Copy out again, unchanged, the listing below from the line that has "Building Photo - BEAUTIFUL" through the line that has "Mustard yellow ice cube apple".

Exercise input:
= Beginning of Section =

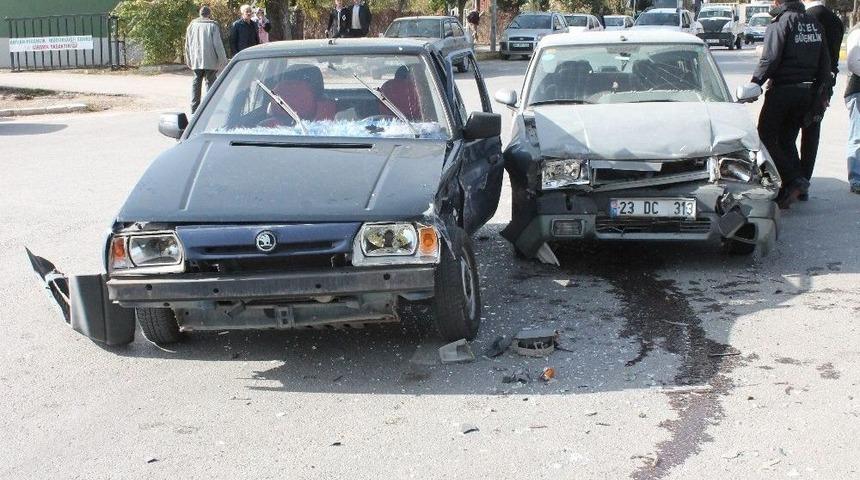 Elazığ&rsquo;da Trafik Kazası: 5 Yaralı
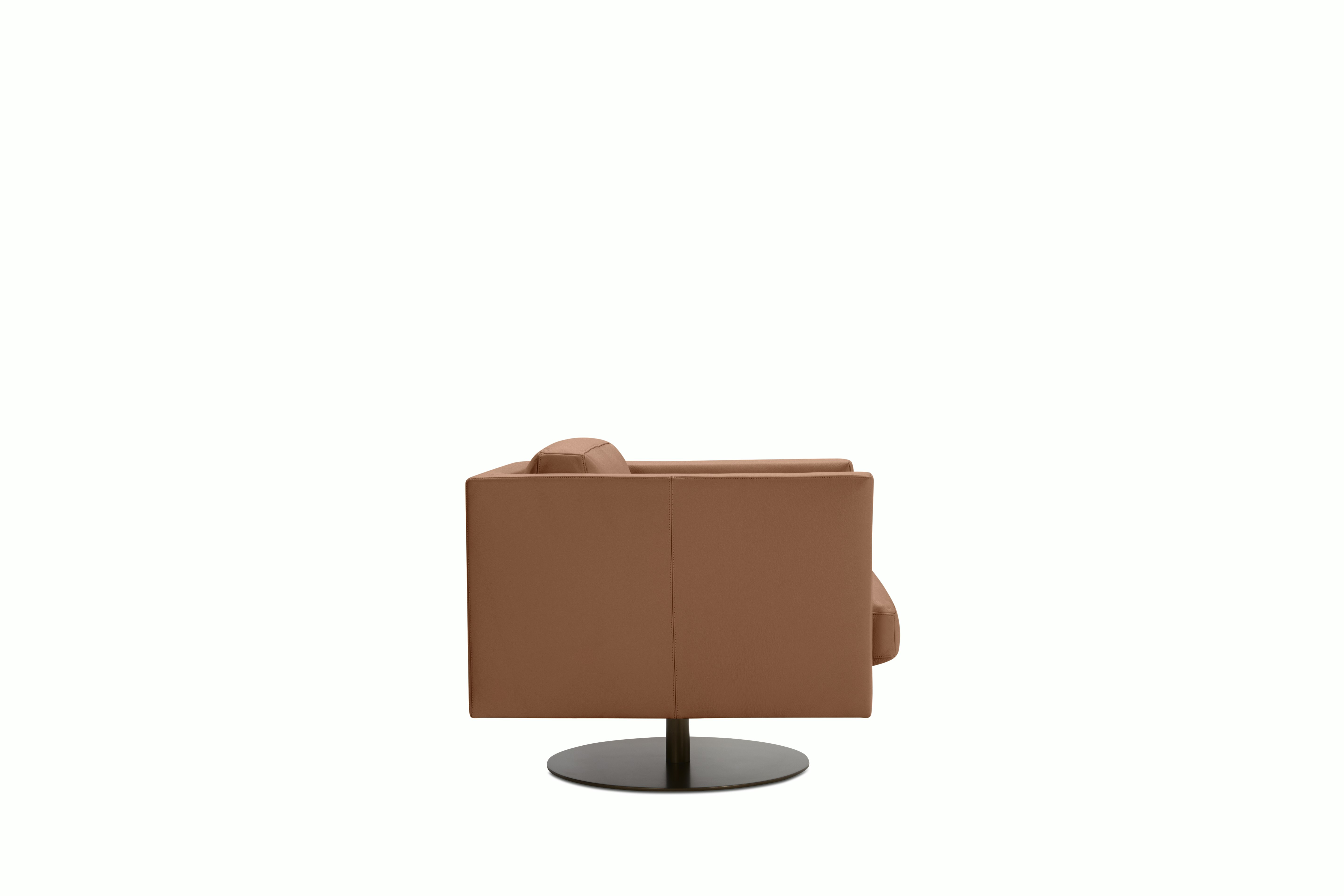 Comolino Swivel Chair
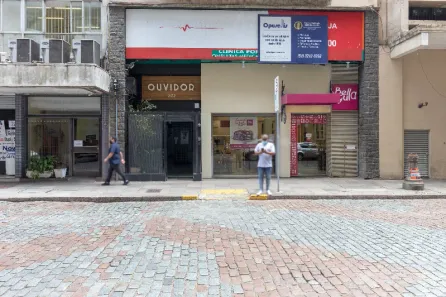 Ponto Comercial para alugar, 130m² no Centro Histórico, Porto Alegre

= End of Section =
= Beginning of Section =

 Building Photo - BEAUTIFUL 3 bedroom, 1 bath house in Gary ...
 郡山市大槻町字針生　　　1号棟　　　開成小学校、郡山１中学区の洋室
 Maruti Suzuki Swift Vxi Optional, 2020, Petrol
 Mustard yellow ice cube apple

= End of Section =
= Beginning of Section =

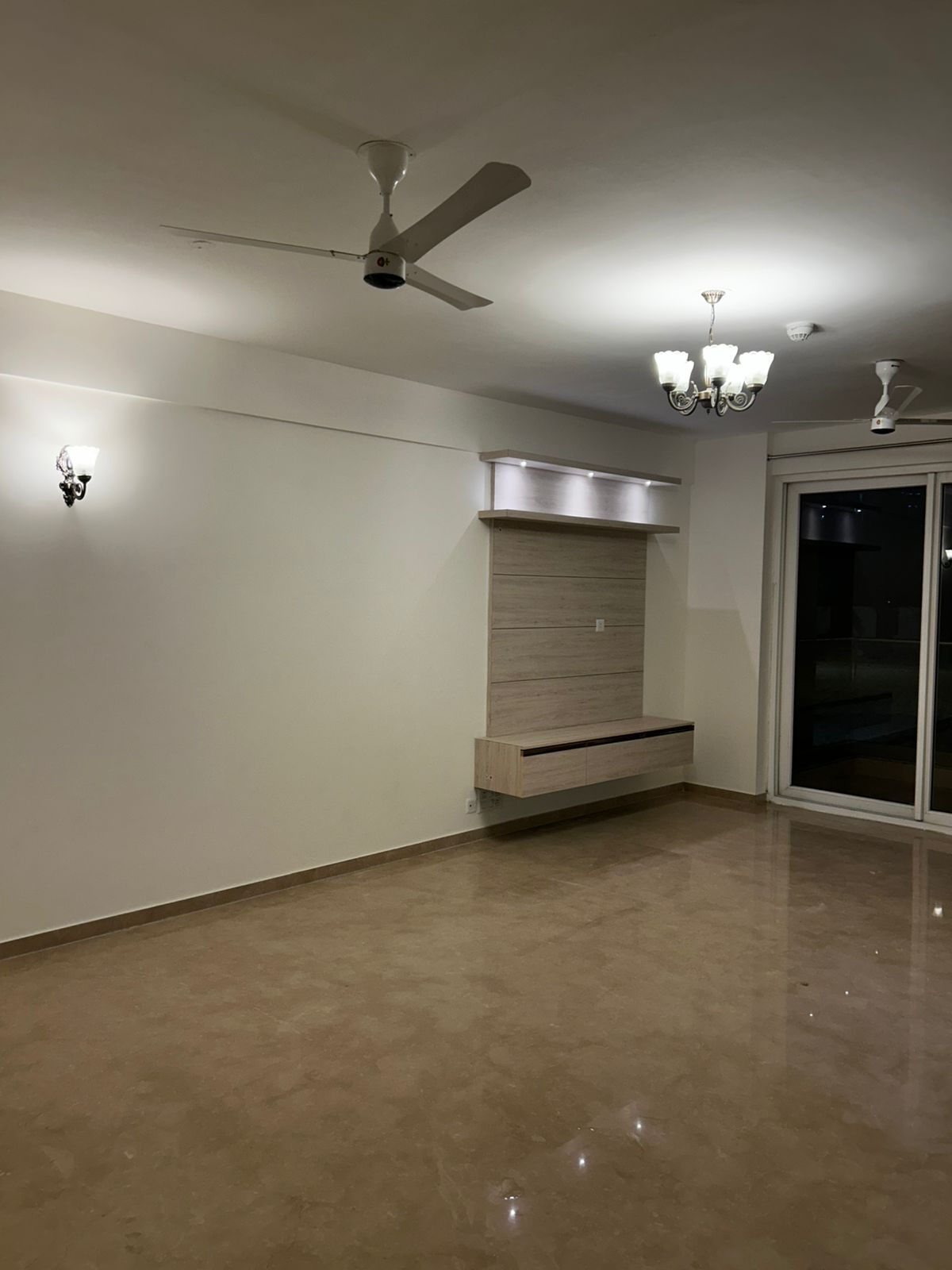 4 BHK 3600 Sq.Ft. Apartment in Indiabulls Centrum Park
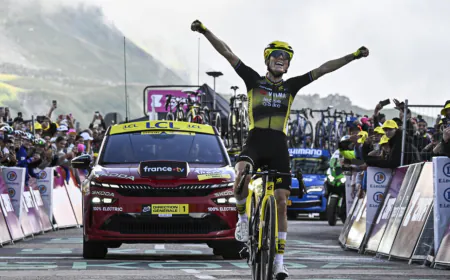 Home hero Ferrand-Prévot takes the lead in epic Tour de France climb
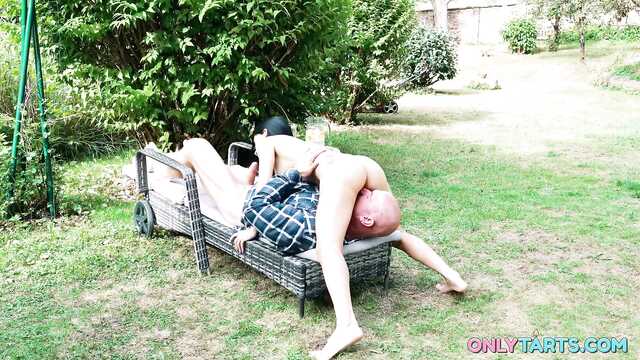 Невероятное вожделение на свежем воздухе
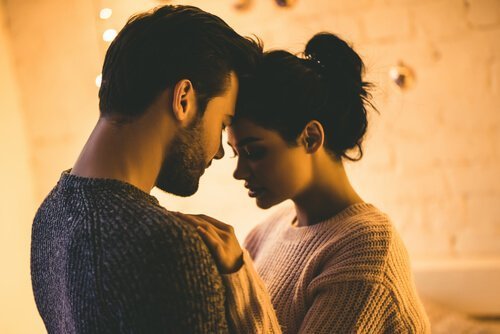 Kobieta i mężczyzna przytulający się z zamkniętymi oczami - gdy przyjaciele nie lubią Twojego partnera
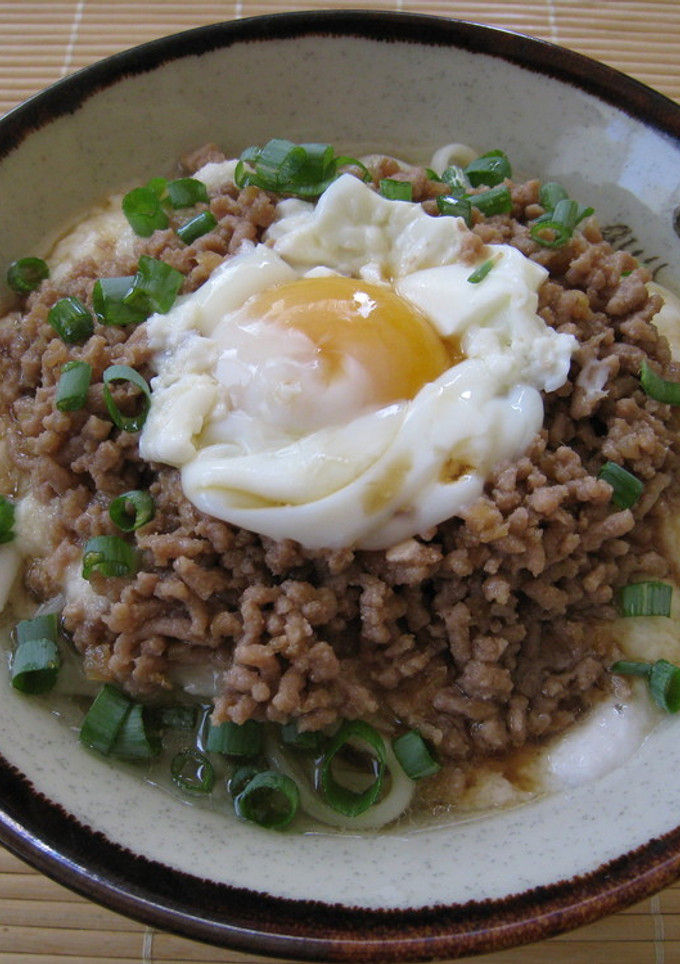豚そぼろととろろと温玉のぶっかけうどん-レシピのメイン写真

= End of Section =

Exercise answer:
 Building Photo - BEAUTIFUL 3 bedroom, 1 bath house in Gary ...
 郡山市大槻町字針生　　　1号棟　　　開成小学校、郡山１中学区の洋室
 Maruti Suzuki Swift Vxi Optional, 2020, Petrol
 Mustard yellow ice cube apple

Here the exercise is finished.